Show each line of the records below where the word "sale" occurs.

[[ Given data, beginning ]]

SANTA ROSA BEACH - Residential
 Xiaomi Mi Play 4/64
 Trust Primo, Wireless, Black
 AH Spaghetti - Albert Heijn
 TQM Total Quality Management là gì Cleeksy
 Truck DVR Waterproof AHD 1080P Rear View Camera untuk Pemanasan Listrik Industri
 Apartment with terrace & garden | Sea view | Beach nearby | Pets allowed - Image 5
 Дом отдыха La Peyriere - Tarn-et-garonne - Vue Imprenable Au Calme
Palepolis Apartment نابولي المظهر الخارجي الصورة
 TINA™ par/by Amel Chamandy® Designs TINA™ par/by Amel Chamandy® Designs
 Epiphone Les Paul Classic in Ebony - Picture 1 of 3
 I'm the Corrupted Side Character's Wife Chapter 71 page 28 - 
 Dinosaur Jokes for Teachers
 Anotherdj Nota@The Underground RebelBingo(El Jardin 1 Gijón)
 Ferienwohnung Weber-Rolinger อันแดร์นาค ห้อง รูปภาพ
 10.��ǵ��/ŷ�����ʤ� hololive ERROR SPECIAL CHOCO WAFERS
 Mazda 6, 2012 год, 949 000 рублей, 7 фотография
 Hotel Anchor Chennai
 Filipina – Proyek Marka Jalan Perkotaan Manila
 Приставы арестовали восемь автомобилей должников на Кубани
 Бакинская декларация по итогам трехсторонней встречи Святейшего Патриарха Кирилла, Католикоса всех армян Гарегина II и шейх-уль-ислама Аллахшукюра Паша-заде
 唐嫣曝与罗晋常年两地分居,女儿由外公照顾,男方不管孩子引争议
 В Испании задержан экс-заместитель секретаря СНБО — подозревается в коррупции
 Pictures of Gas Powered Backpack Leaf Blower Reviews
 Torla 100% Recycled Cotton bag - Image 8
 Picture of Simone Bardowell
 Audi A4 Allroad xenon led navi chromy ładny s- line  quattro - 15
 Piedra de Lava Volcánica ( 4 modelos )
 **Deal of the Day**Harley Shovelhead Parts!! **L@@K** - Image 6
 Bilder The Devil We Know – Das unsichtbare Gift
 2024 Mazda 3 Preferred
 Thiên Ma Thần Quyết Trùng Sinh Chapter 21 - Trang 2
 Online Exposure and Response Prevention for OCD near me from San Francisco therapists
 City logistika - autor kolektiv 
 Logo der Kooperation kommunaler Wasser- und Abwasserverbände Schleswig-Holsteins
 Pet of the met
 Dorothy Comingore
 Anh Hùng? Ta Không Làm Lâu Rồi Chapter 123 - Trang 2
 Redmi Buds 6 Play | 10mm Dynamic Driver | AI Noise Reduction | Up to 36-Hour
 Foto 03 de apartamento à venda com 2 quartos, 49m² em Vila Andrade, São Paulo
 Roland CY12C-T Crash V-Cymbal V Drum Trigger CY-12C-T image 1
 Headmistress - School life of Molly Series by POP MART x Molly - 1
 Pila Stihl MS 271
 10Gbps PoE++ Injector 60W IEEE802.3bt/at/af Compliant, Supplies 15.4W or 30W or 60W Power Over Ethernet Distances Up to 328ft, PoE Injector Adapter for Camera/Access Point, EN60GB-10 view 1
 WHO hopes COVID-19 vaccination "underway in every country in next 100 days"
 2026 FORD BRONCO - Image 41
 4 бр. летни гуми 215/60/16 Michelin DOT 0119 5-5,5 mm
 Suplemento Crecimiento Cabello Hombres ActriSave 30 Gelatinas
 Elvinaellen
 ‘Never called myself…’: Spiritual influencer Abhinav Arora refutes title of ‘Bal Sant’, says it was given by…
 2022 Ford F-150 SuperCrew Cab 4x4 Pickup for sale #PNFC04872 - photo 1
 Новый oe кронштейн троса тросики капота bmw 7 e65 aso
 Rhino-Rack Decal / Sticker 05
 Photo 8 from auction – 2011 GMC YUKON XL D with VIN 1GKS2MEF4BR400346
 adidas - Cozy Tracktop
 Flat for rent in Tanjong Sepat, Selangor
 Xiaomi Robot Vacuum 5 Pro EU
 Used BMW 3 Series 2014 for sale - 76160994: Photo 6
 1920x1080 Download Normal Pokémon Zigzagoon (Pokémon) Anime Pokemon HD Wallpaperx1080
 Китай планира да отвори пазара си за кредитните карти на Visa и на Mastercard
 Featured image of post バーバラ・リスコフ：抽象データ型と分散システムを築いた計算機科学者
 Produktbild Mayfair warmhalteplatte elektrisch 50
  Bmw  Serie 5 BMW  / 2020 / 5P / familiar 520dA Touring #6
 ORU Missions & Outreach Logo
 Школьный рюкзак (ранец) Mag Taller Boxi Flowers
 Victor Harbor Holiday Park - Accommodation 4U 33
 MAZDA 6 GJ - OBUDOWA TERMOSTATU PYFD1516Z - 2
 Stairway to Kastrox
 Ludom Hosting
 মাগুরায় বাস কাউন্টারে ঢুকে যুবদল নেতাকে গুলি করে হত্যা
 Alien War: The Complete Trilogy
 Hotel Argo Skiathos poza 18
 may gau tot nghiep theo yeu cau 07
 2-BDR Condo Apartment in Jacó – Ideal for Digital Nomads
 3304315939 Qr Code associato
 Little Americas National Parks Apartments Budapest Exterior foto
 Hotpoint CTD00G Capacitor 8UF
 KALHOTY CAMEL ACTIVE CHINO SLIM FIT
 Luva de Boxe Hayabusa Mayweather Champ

[[ Given data, end ]]

◆ Result of this task:
 2022 Ford F-150 SuperCrew Cab 4x4 Pickup for sale #PNFC04872 - photo 1
 Used BMW 3 Series 2014 for sale - 76160994: Photo 6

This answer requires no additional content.